KLFN
- Sunburg, Minnesota; United States;
- Broadcast area: Willmar, Minnesota
- Frequency: 106.5 MHz
- Branding: 106.5 The Train

Programming
- Format: Classic hits

Ownership
- Owner: Lakeland Broadcasting Company
- Sister stations: KWLM, KOLV, KQIC, KSCR-FM, KKLN, KBMO

History
- First air date: 2003

Technical information
- Licensing authority: FCC
- Facility ID: 85513
- Class: A
- ERP: 6,000 watts
- HAAT: 100 meters (330 ft)
- Transmitter coordinates: 45°22′14″N 95°08′28″W﻿ / ﻿45.37056°N 95.14111°W

Links
- Public license information: Public file; LMS;
- Website: willmarradio.com/the_train

= KLFN =

KLFN (106.5 FM, "106.5 The Train") is a radio station licensed to Sunburg, Minnesota. The station broadcasts a classic hits format and is owned by Lakeland Broadcasting Company.

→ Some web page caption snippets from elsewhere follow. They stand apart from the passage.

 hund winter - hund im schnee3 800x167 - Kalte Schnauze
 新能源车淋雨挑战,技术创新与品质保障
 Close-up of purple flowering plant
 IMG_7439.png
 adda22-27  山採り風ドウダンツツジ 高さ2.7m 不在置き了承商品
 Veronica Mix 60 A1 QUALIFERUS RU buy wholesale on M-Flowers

The station is an affiliate of the Linder Farm Network, broadcasting agricultural news and market updates that target the farming communities surrounding Sunburg and Willmar.

==History==
KLFN officially began broadcasting in 2003. The station is owned and operated by the Lakeland Broadcasting Company, a subsidiary of the Linder family's media interests. It operates as a sister station to the heritage news/talk outlet KWLM and the classic rock station KKLN. In January 2024, control of the station was officially transferred to Lakeland Media LLC, a partnership between J. David Linder and Lynn Ketelsen. This acquisition was part of a broader $1.5 million deal that included heritage sister stations KWLM, KQIC, and KOLV. In early 2025, the group further expanded by acquiring Benson-based stations KSCR-FM and KBMO to create a larger regional broadcasting network.